You're completely misrepresenting what the No True Scotsman fallacy is. The key characteristic of a No True Scotsman fallacy is that the arguers original claim is revised to handle a counterexample. In the titular example, the arguer originally says "no Scotsman does x," and the obvious implied definition of "Scotsman" is simply a man from Scotland. But when faced with a counterexample (a man from Scotland who does do x), the arguer revises the original claim by adding the word "true." Under this revelation, the arguer's original claim is not an actual claim about what men from Scotland do, but rather a proposed definition for the term "true Scotsman."

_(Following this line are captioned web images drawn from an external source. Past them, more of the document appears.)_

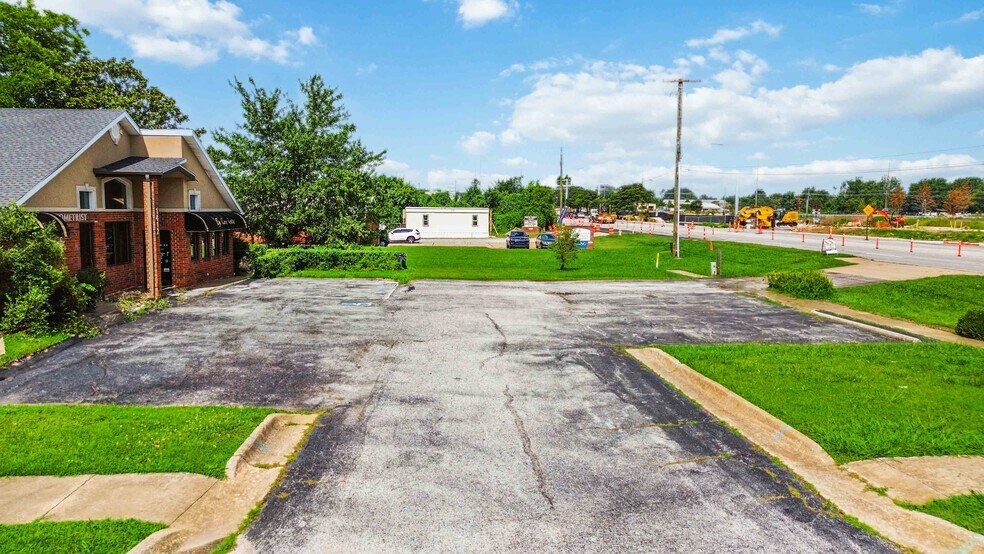 More Photos Of 1412 Se 14th St, Bentonville Medical For Sale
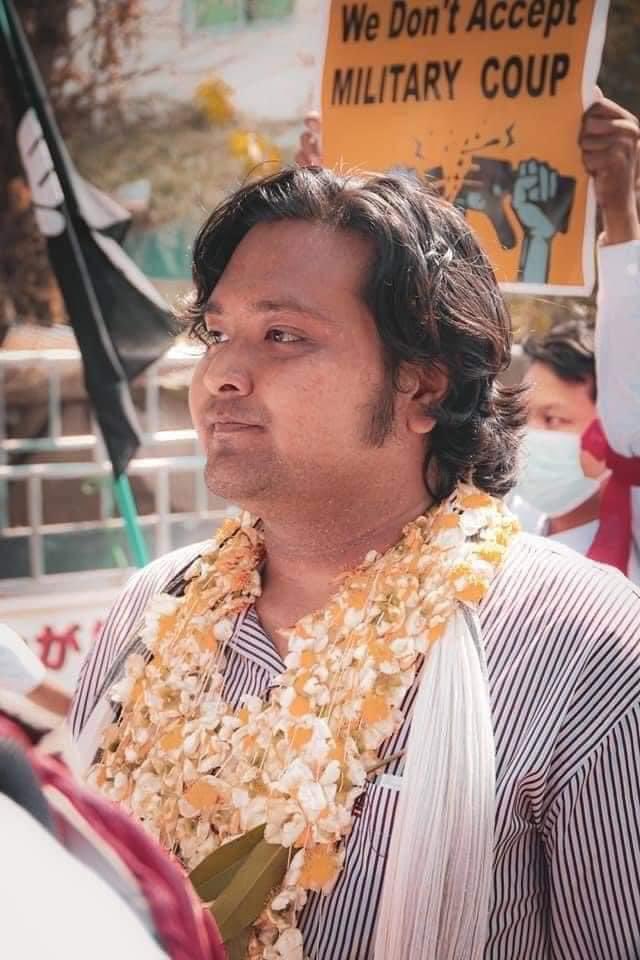 Ko Wai Moe Naing,a young politician from Monywar,one of the famous faces of Spring Revolution was abducted at around 2PM today !! 
#Apr15Coup  #WhatsHappeningInMyanmar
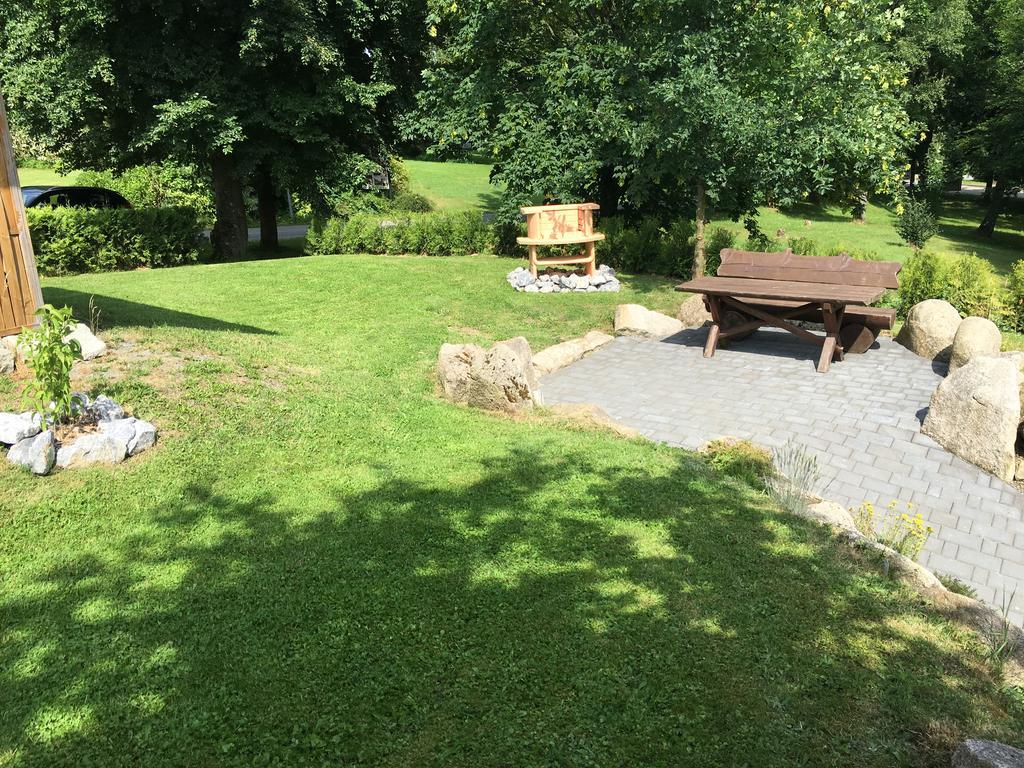 Naturstammhaus Und Appartements Zum Brockenbaecker Tanne Exteriör bild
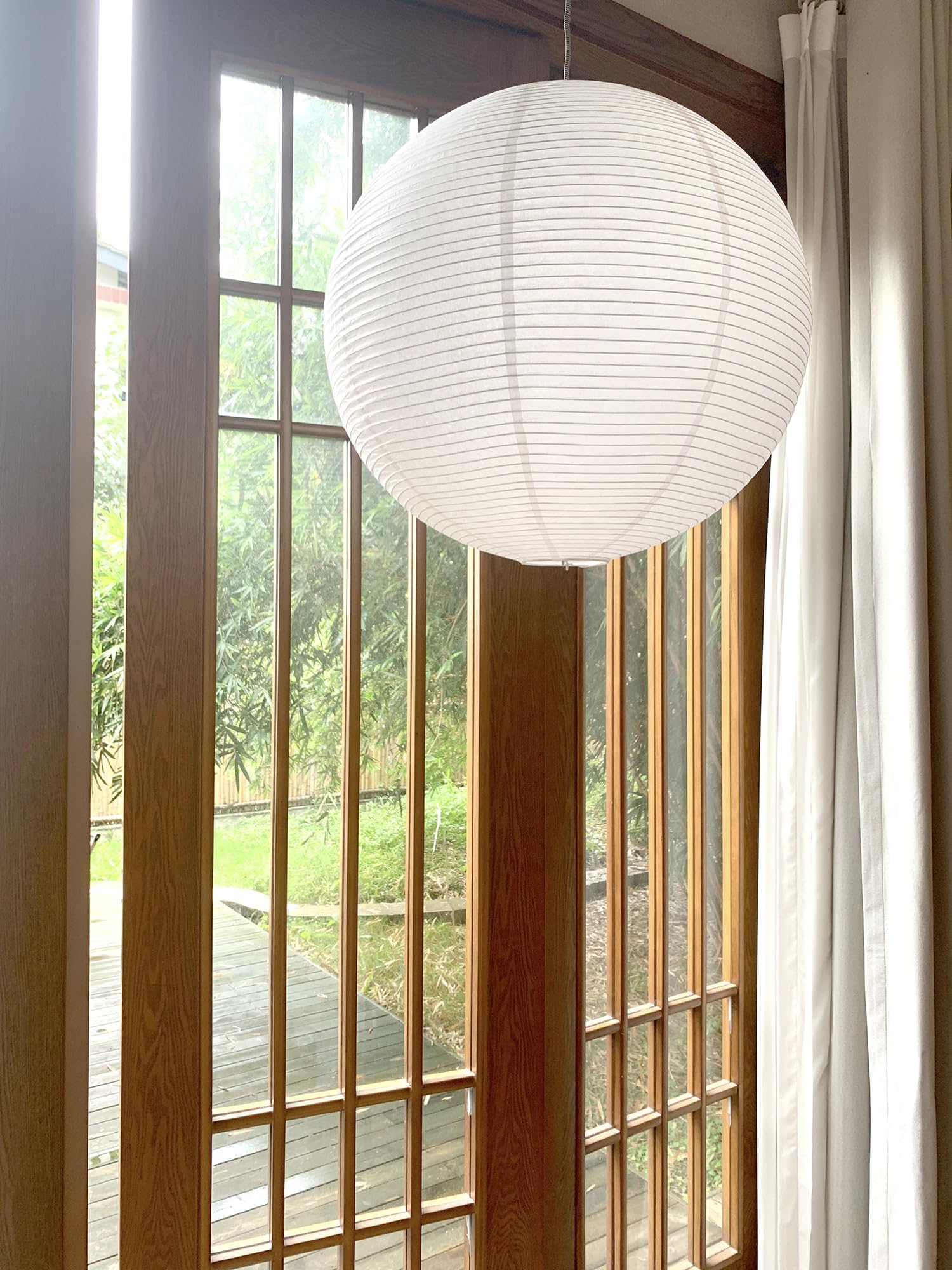 Henjjras close-up material image highlights paper and steel wire craftsmanship.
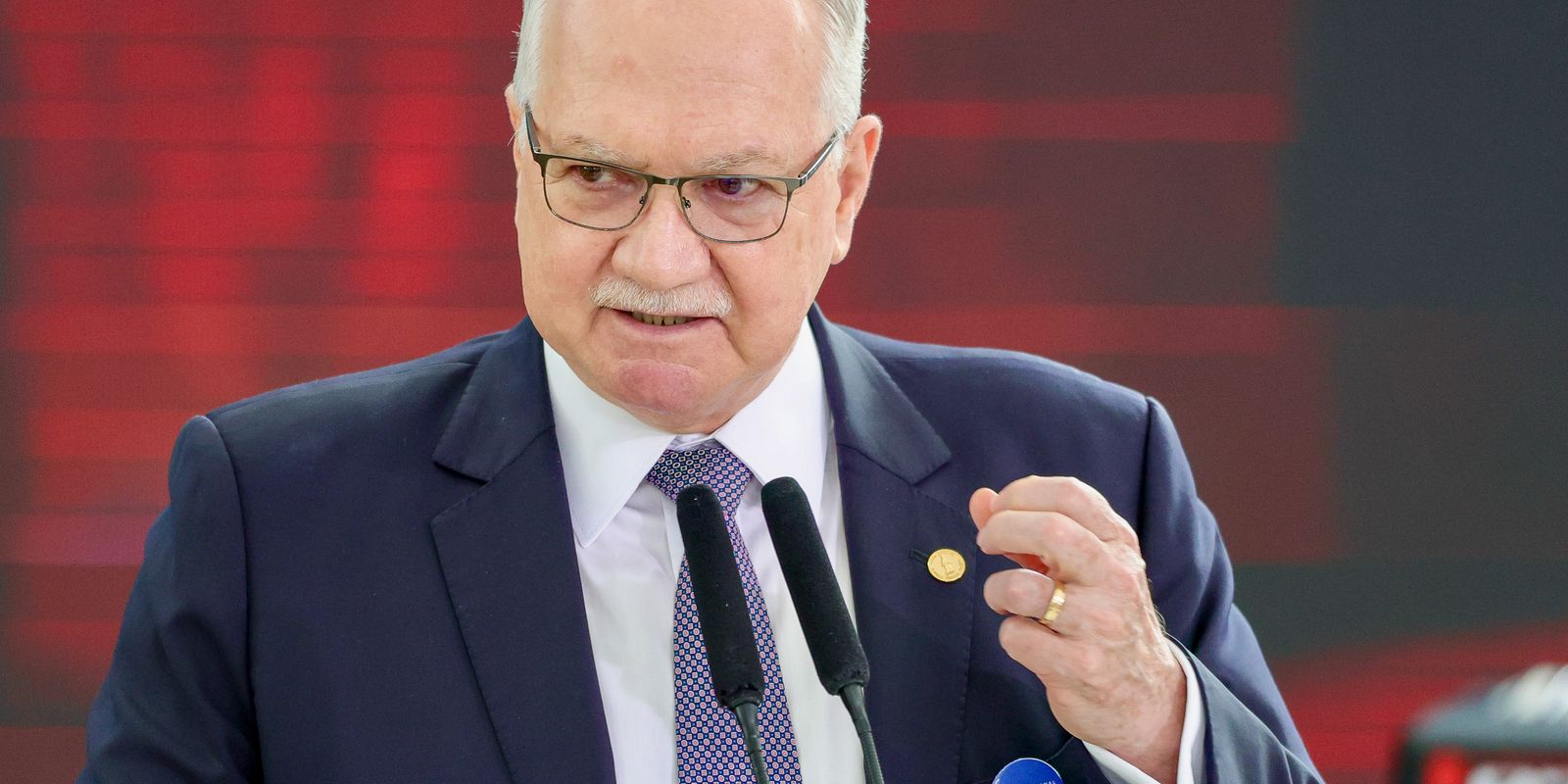 Ministro Fachin indica que encerramento do inquérito das fake news está em discussão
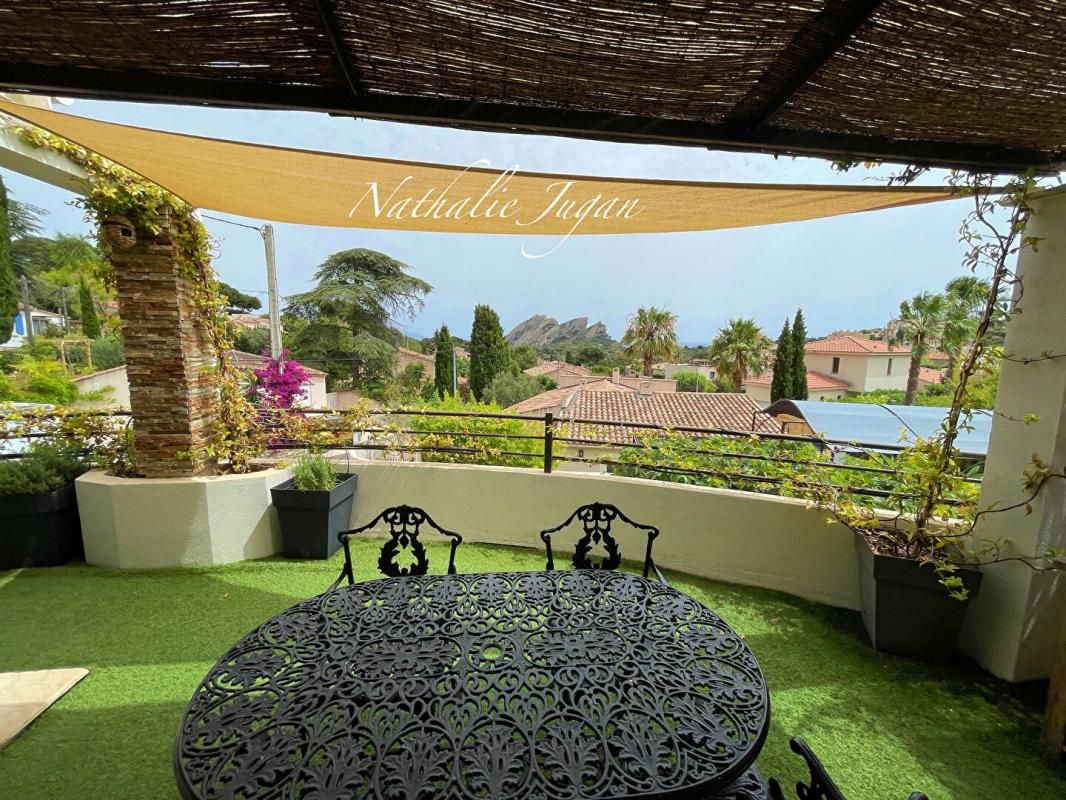 A vendre Haut de Villa La Ciotat 3 pièces 93.5 m2 avec VUE - Terrasse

Most of the time I see No True Scotsman called, it's because they were using ordinary imprecise language even though their group is real and the word they used for it is reasonable. Not because they were proposing a 'true' definition.
Such as 'no vegan eats meat' 'what if they had fries at mcdonalds with secret meat in the oil' 'okay no vegan purposefully eats meat' 'ha! you narrowed the group! no true scotsman! you lose!'
>You're completely misrepresenting what the No True Scotsman fallacy is. The key characteristic of a No True Scotsman fallacy is that the arguers original claim is revised to handle a counterexample.
Yes. I don't think I'm misrepresenting it. Revising an original claim to handle a counterexample is something that is essential in actual conversations. It can just mean you forgot an important distinction in your original claim.
>Under this revelation, the arguer's original claim is not an actual claim about what men from Scotland do, but rather a proposed definition for the term "true Scotsman."
That's beside the point. In real life conversations, we often use the term X to mean the essense of X (the true X) and not just the bare notion of X. That is, there's nothing fallacious about the following exchange:
The example you give about metal fans and Bieber is a perfect example of No True Scotsman. The term "metal fan" will be widely understood to mean "someone who likes metal music," not "someone who never listens to anything other than metal music." The initial claim is clearly false, so the person revises the claim to contain the word "true," which reduces the argument to nothing more than "well I refuse to consider you a metal fan if you listen to Bieber."